**Dataset section:**
# # #

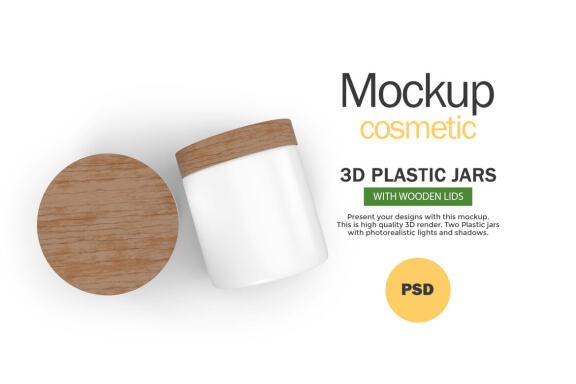 Plastic Jars With Wooden Lids - Cosmetic Product Mockup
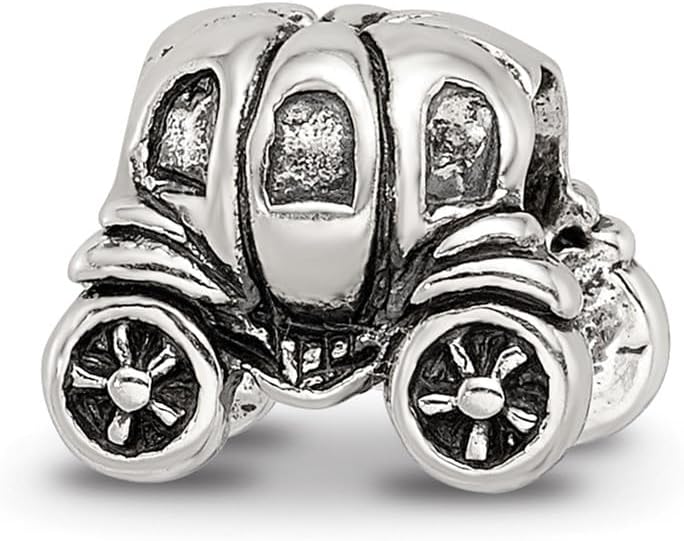 Solid 925 Sterling Silver Reflections Pumpkin Carriage Bead (10mm x 7.3mm)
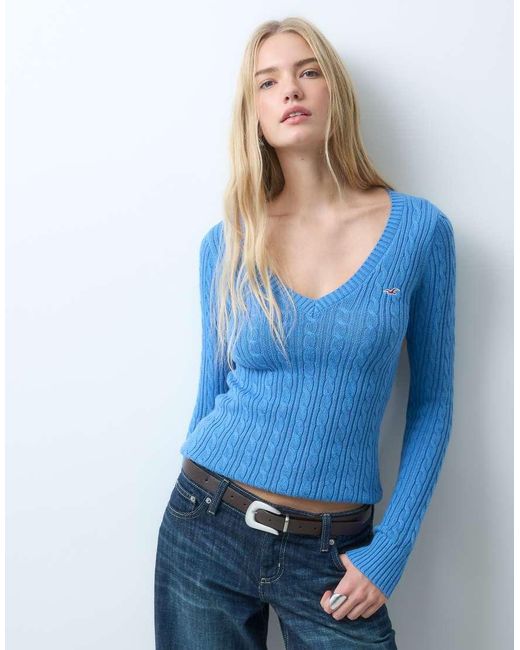 Hollister Blue Fitted Cable Knit V Neck Jumper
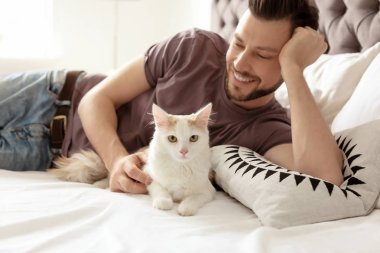 Evde yatakta şirin kedi ile genç adam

# # #

**Exercise directions:** Begin at the line containing "Solid 925 Sterling" and copy every line through the end of the data above exactly, omitting the pictures.

**Answer below:**
 Solid 925 Sterling Silver Reflections Pumpkin Carriage Bead (10mm x 7.3mm)
 Hollister Blue Fitted Cable Knit V Neck Jumper
 Evde yatakta şirin kedi ile genç adam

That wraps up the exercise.